Przy okazji analizy kłopotów krajów wchodzących w skład BIRC (Brazylia, Indie Rosja i Chiny), Paul Krugman rozważa przyczyny dla, których mamy kolejne „bańki spekulacyjne”. Według niego w grę mogą wchodzić dwie przyczyny: polityka niskich stóp prowadzona od lat przez FEB oraz deregulacja systemu finansowego. Polski krytyk Krugmana – Robert Gwiazdowski dodałby pewnie do tego ingerencję państwa (niezależnie od tego, jak mało byłoby to poważne). Można też zwrócić uwagę na zmianę warunków technicznych (automatyzacja) i globalizację (łatwiejsze przepływy).
Po przedstawieniu wspomnianej alternatywy, Krugman podaje argumenty przeciw obwinianiu FEB (okazuje się, że patrząc z perspektywy historycznej stopy były w czasach kryzysu stosunkowo wysokie). Po co więc to w ogóle rozważać?

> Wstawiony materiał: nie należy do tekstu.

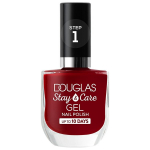 DOUGLAS MAKE - UP Stay & Care Gel Effect Nail Polish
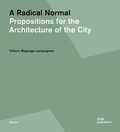 Cover: A Radical Normal - DOM publishers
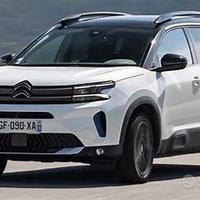 Ricambi Citroen C5 Aircross 2020/2023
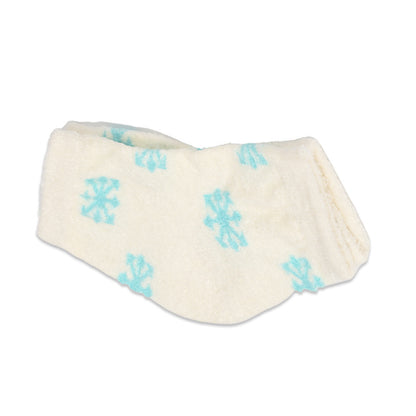 Moisturizing and nourishing heel socks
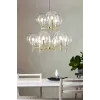 Люстра Markslojd CROWN 107920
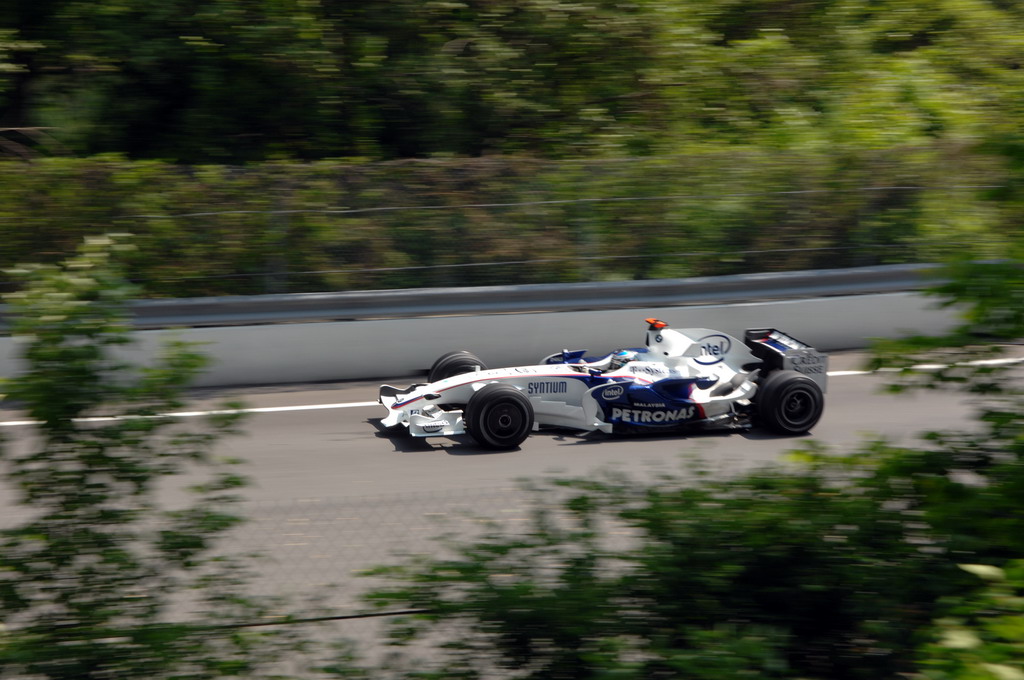 GP CANADA - Qualifiche e Prove Libere 3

Może dlatego, że przyjmując za oczywistość, że wina leży po stronie finansowych deregulacji, można co najwyżej analizować ich przyczyny. Od noblisty należałoby także oczekiwać propozycji, co z tym można zrobić, a nie oczywistej konkluzji, że sektor finansowy prowadzi nas od kryzysu do kryzysu.